Even though the idea of taking more drugs is unappealing, I acknowledge that it is in my best interest to keep my mind open. My hesitation as been due to the traumatic side effects I've experienced from the various drugs prescribed for my brain surgeries and seizures. Sure, sometimes they were minimal and worth it, but most of the time I felt like I couldn't win, that I was stuck in some sort of medical purgatory. I've dealt with horrible acne of all kinds, moodiness, weight gain, lethargy, even thoughts of suicide - all from taking those tiny little pills. Side effects are no joking matter, sometimes they're even worse that the symptom you're trying to alleviate. So, anyway, as I've digressed, what symptoms do I think we need more drugs to combat? Huh. Tough one. I have to scan back to my situation: exhaustion, memory loss, cognitive issues, word-finding issues, extreme difficulty handling changes in routine, seizures, nerve damage from surgery, vertigo, brain pain/headaches, scar pain, sensory defensiveness or overload. I can't even think of the other random symptoms I deal with. It has all become a sort of blur that is my life.

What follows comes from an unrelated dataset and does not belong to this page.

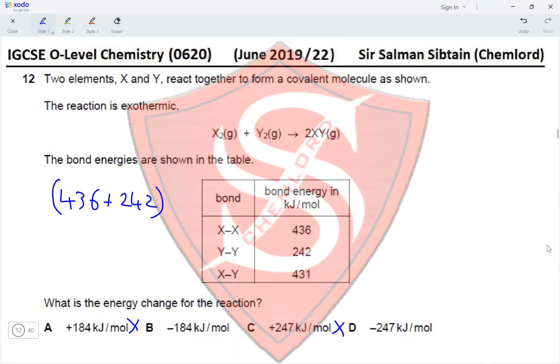Chlorine is not oxidized; it is converted into chloride ions, going from charge 0 to −1, which is a gain of electrons and therefore reduction. Therefore option B is the correct answer for Question 16.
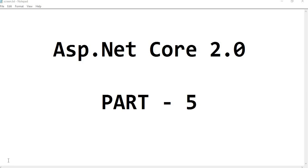Hello my friend. This is Rakesh and welcome to part 5 of the ASP.NET Core 2.0 Razor Pages series. In this video, I will cover the onPost method.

But if I was to hope for a miracle drug that could evaporate one or a few of my symptoms, a magic pill that would help me get back to normal, that ever elusive state that we remember fondly - the time before diagnosis - I would hope for something to poof away my exhaustion without causing a seizure. Or I would poof away my brain pain and headaches. Ultimately, I wish I could poof away all of it so that I could run free like the happy little squirrel that I am, but I know that it's impossible. I can't unexperience this brain tumor life. I am forever changed. It's a shame that we can't unknow things, or unhave specific experiences. So, since I will most likely never be able to take a pill to poof all of the symptoms of my tumor, and my brain surgeries, I do wish for something that would give the illusion of health, and would provide a more enjoyable day-to-day life. If I didn't experience scar pain, screw pain, incision pain, and headaches in general or if I didn't experience such drastic exhaustion on a daily basis, it would be a great improvement in the quality of my life. It would allow my brain to heal and rest, and probably assist the recovery from my cognitive issues, even lessen my seizures. All this stuff has such a domino effect. And if the side effects were minimal, I might just get up and dance about it. Oh who am I kidding, I already started wiggling in my chair at the word dance (cue C&C Music Factory, "Everybody dance now..."). Ultimately, nothing is going to keep me down for long, not a headache, or complete exhaustion. I won't wait on a pill to live my life, but I'm not going to lie, the option sure would be nice.